The relationship of the nonprofit within the capitalist system dawned on me. You have to think like a capitalist, where are we getting the monies from? It got me thinking, how is this nonprofit going to compete with the pillars of the community like the boys and girls club and other nonprofits that have been around for many years? Lisa was my inspiration for including veterans because she’s a vet. So, I see it as a whole thing. How do we take a pool of money and help the most people that we can, not just children, but our vets are being underserved as well. There are so many different pockets of people that are being underserved. There is money, you just need to know how to market yourself and know where to pull it from. My idea was to take the vets and make them the mentors, so this becomes a project of transition, it’s a transition for them and it’s also first employment coming out of the military because they don’t really have many choices. There’s no help for that reintegration into society, so how beautiful it is to have a program of mentorship where you can actually re-integrate in a natural process of trust and community and relationship, especially with kids when they’re transitioning as well. I presented this idea to Lisa and she liked it.
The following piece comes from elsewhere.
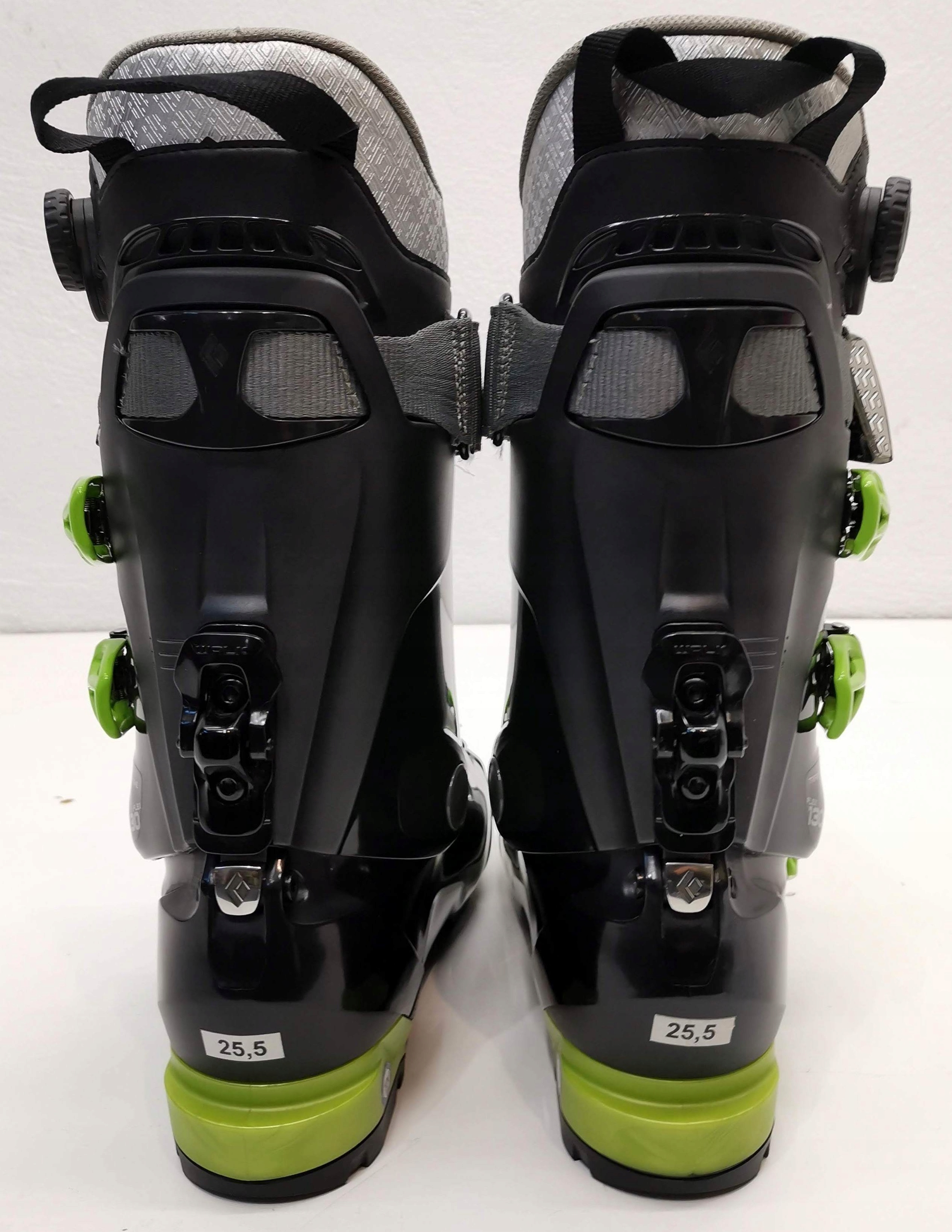 BUTY SKITUR FREERIDE BLACK DIAMOND FACTOR 130 25,5 Rozmiar 39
That’s when she asked me to be co-founder and I was like, YES! We’ve presented it to a couple of cities (Richmond and Oakland) and they love the idea because there is so much money to be given.

Tell me more about how Carved Space would help Veterans transition?
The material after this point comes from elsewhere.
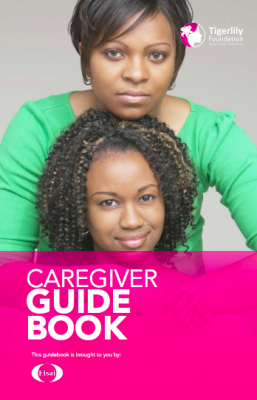 Breast Cancer Caregiver Guidebook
Lisa: Often times, the transition back into the so called “civilian” world is difficult for Veterans.  First of all, in the military, we are taken away from our home communities, we serve overseas, we go on deployment. It’s just a different lifestyle. Even the language is different. So, a lot of times the transition back into civilian life is difficult. A lot of veterans have families so there’s a big rush to get a job. Even though there’s a push to hire veterans, the transition is not that smooth. You still have companies that look down on the military. They’re against war efforts. There are some companies that hire military members but there are a lot that don’t. Our nonprofit gives veterans a soft place to land where they are not in such a rush to jump into a job that they might not fit into well.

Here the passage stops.